The first person in his family to attend university, Selwin talks about the transformative power of education. He also explains how determination and a sense of community have served as driving forces in his career.

“If we give up, it means that my people in Barbados, my neighbors in the Caribbean, my friends in the Pacific, my friends in Africa, my friends in the developing world, and even folks in rich countries, we would seal their fate… So I refuse to give up.”

 

 

Transcript and multimedia

 

Melissa Fleming 0:05 

 

From the United Nations, I'm Melissa Fleming and this is Awake At Night. Today, my guest is Selwin Hart, the Secretary General's Special Adviser on Climate Action, and Assistant Secretary General for the Climate Action Team. Selwin, we're going to get into your job a bit later - your big job - but first, tell me where you came from?

 

Selwin Hart 0:40 

 

Thank you so much, Melissa, it's a pleasure to join you. I'm from a tiny island in the Caribbean, called Barbados, and an even tinier village in Barbados called Church Village or Chapel Land in Saint Phillip and that's where I'm from and this small rural village in Barbados has defined who I am. It gave me a sense of community, a sense of purpose and it helped to instil certain intrinsic values in me so...

 

Melissa Fleming 1:16 

 

Close your eyes, describe what it looked like.

 

Selwin Hart 1:18 

 

So when I grew up, in my earlier years, the roads were not paved, the countryside was dotted with sugarcane plantations. In fact, my grandmother worked on sugarcane plantations all her life, and my parents did so in their early days. Lots of fruit trees, gullies, lots of friends. What we lacked in material stuff, you know, we had in friendships and people. We were poor. But we honestly didn't feel as though we were poor.

 

Melissa Fleming 2:02 

 

Because you had enough food to eat?

 

Selwin Hart 2:04

 

Yeah, enough food but you know, we lacked cars and we lacked... I remember, at my primary school, kids would come to school, and this was in the 70s and 80s, late 70s, and 80s in Barbados, kids would come to school without shoes, [they] were still going to school without shoes.

 

I remember, as a child, my parents didn't have electricity. My grandmother didn't have it either and I would read to her or I would read by the light of a kerosene lamp, so we lacked that stuff. But it as a child growing up, you never felt as though you were deprived of anything. B because you were surrounded by love, we were surrounded by love; the love of our parents, the love of our grandparents, the love of our families, and the love of our neighbours, and, you know, thinking about it now, you know, we would leave our homes unlocked whenever someone planted potatoes or yams or had limes. We all shared it as a village, or we shared it as a family so it's that sense of community that I miss most. It’s that sense of community that I remember most and that sense of community and love that has been a driving force in my life.

 

Melissa Fleming 3:37 

 

Is it maybe because you didn't know what you were missing? Did you not see people who had those material things that kind of makes people strive in this consumer focused world?

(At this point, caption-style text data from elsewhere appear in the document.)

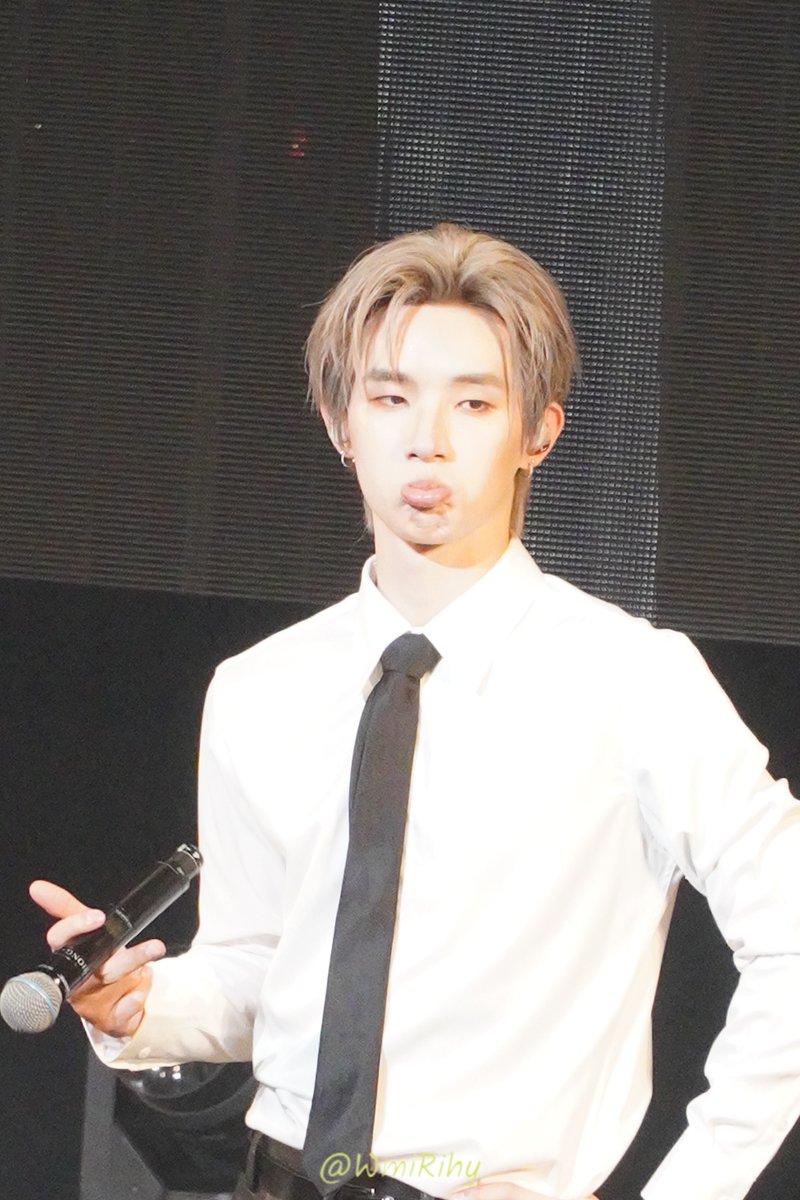 WmiRihy's tweet photo. ほんし🌟

2026.9.21
#LYKNDuskAndDawnxOsaka
#hongshihoshi https://t.co/K4ozxnZmkQ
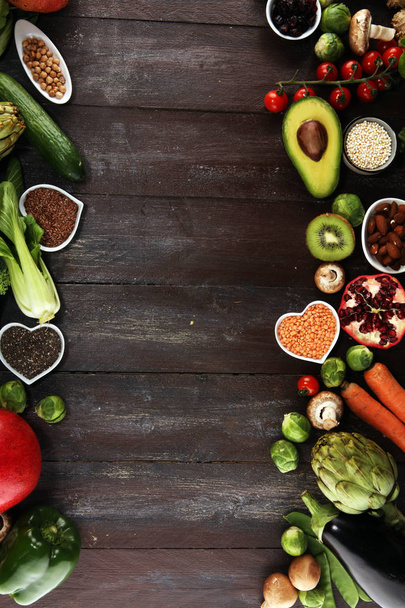Zdrowa żywność na czyste, jedzenie wybór. owoców, warzyw, nasion, pożywienie, zboża, liść warzywo. wegetariańskie lub wegańskie jedzenie - Zdjęcie, obraz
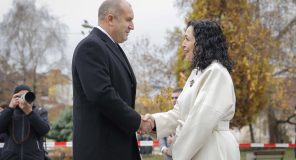 Radevi që i kërkoi Kosovës “t’ia bëjë çarën” pakicës bullgare fiton zgjedhjet në Bullgari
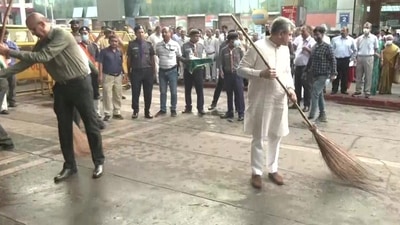 The railway minister was seen participating in the drive outside the Hazrat Nizamuddin Railway Station of the national capital. (ANI)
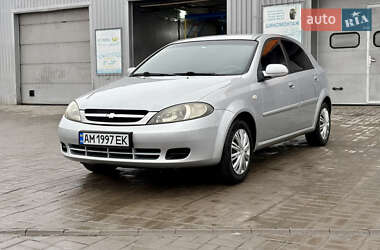 Хэтчбек Chevrolet Lacetti 2004 в Староконстантинове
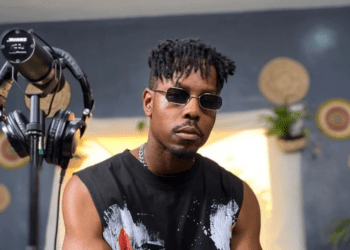 Singer Ladipoe Gets An Outstanding Award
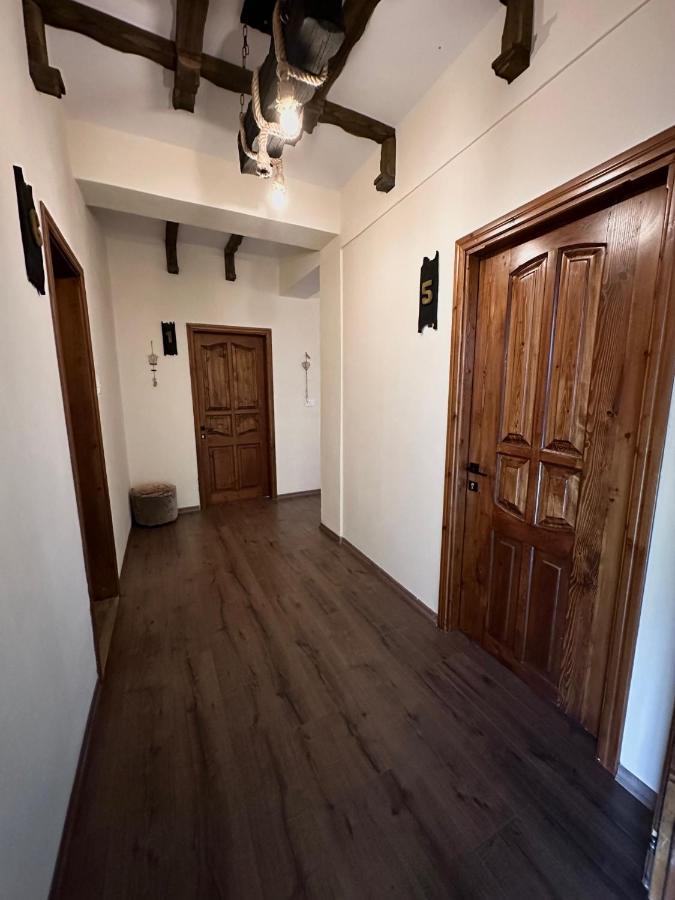 Guesthouse "Shtepia Ime" Permet Exterior photo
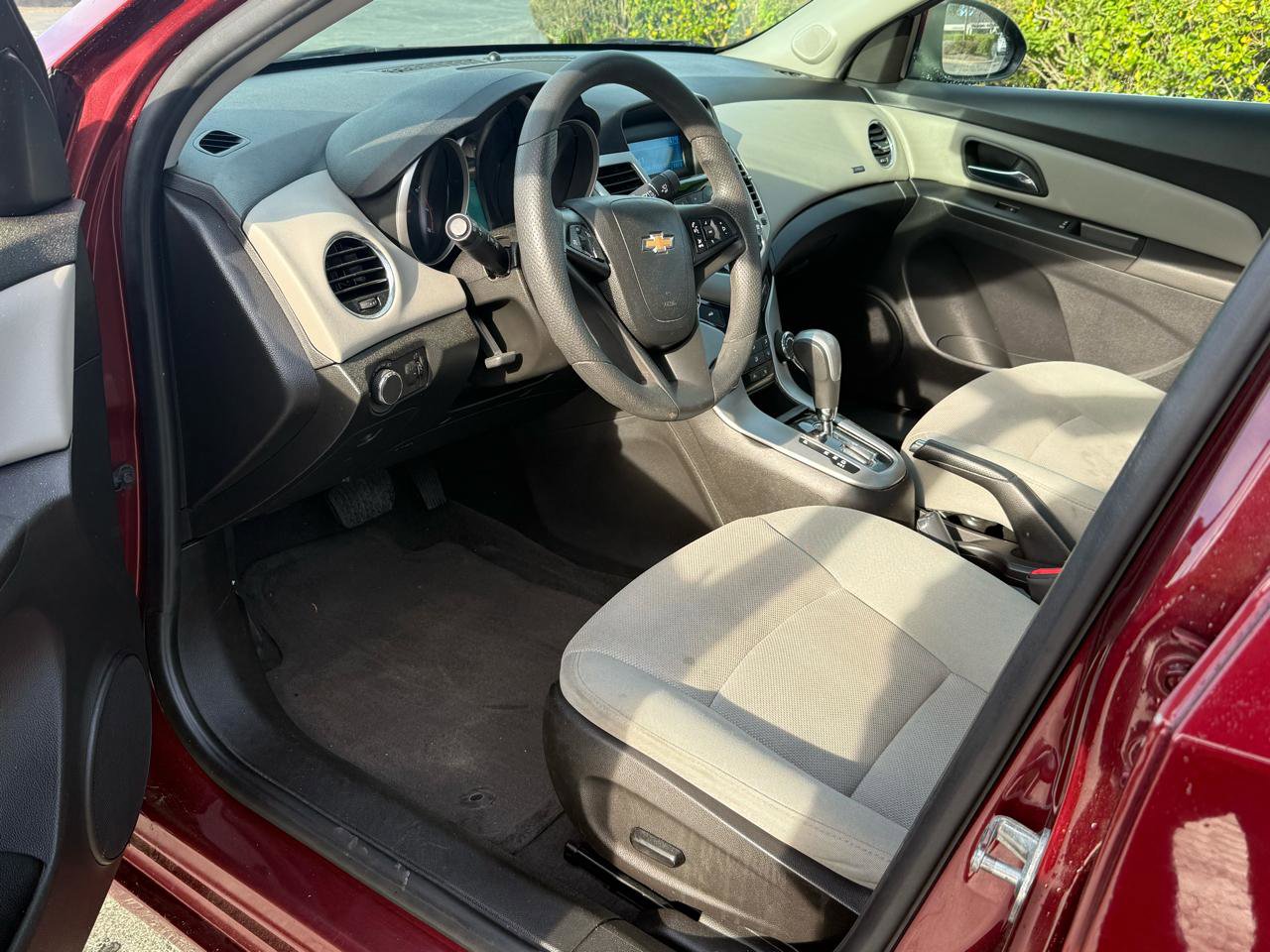 Used 2016 Chevrolet Cruze LT image 6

Selwin Hart posing for a picture with family at a University campus

 

Selwin Hart 3:53 

 

Well, growing up back then, I did strive for things. Education was one of them and I was born in 1970 in Barbados, four years after Barbados became independent, and one of the first acts of an independent Barbados was to provide free education, free health care to its citizens and my generation was the first generation that truly benefited from access to education.

 

And while my parents and my grandparents did not have access to the same educational opportunities that my generation had, that I had and my brothers and my other relatives had, they nevertheless pushed us and pushed me in particular because I was one of the elders of the lot, to take full advantage of education, new educational opportunities that the new Barbados offered its citizens.

 

And quite frankly, not I can still hear my grandmother's voice telling me, you know, ‘One thing that can't take away from you is your education.’ It was not until I went into high school in Barbados secondary school that I was exposed to real material wealth. I went to primary school, [a] small, rural school with my neighbours and folks from other villages and at 11 years old, I did an exam, did well and I got into the top school on the island at the time Harrison College, and that school was in our capital city, Barbados.

 

So I was travelling from this very rural village in Barbados to the city on a daily basis and, you know, you saw kids coming to school in cars and with, you know, video games at the time, they’d started to come into... And, you know, it was then that I was introduced to real sort of material wealth, but the good thing is, you know, it was difficult. But the good thing is, I still remain very close to my village into my family and still retain those values that I had growing up.

 

Melissa Fleming 6:22 

 

So you had to travel there, back and forth every day. On the bus or?

 

Selwin Hart 6:26 

 

On the bus, on the bus. It's a small island so it would take probably about 45 minutes to an hour to travel to school and back on a daily basis.

 

Melissa Fleming 6:37 

 

I mean, we're going to get to your work on climate action now but I can imagine, you know, growing up on a small island, surrounded by water and, you know, so much nature and nature being so important to the bounty of your family. What did nature mean to you growing up?

 

Selwin Hart 6:57 

 

Nature was everything, you know, going to the beach and seeing over time and thinking back how coastal erosion happens. For example, when I was much younger, the coastlines stretched a bit further into the ocean. But we're also very close to the land as well and, and over the years, we've seen erratic seasons; longer periods of drought, sometimes excessive rainfall. But growing up, I was extremely close to the land, as I said, my grandmother worked on a sugarcane plantation for virtually all her life so from that perspective, always extreme because I never knew that I would get into climate [or] that this would be my calling.

 

Melissa Fleming 7:48 

 

Did you mean, you said that you witnessed some change starting to happen but did you know what this was?

 

Selwin Hart 7:55 

 

No, no, no, this was in the 1980s and at that time, climate was not a big issue. It was certainly not something that was discussed in any great detail in Barbados but you could see that the climate had and was changing, and that there were these signs in terms of how the ocean behaved.

 

Now, my grandmother, and my mother would often tell us about a hurricane that struck Barbados in the 1950s, before I was born, Hurricane Janet, and they would also tell me how their home was destroyed and how they had to live, basically, in a church for four weeks on end. So hurricanes were a present reality. I remember in the 1970s, in the late 1970s and early 1980s, we had a number of the other islands in the Caribbean, were struck by hurricanes. I think Dominica and some of the other smaller islands of the Caribbean and there was Gilbert in Jamaica.

 

But during that period, Barbados dodged many a bullet but the most visible sign back then was the ocean because we would go to the beach often. Sometimes once, twice a week. So we knew that there were some changes. We could see the impact of coastal coastal erosion. And we could see see the impacts of sea-level rise, but back then we didn't know what the cause, root cause, was.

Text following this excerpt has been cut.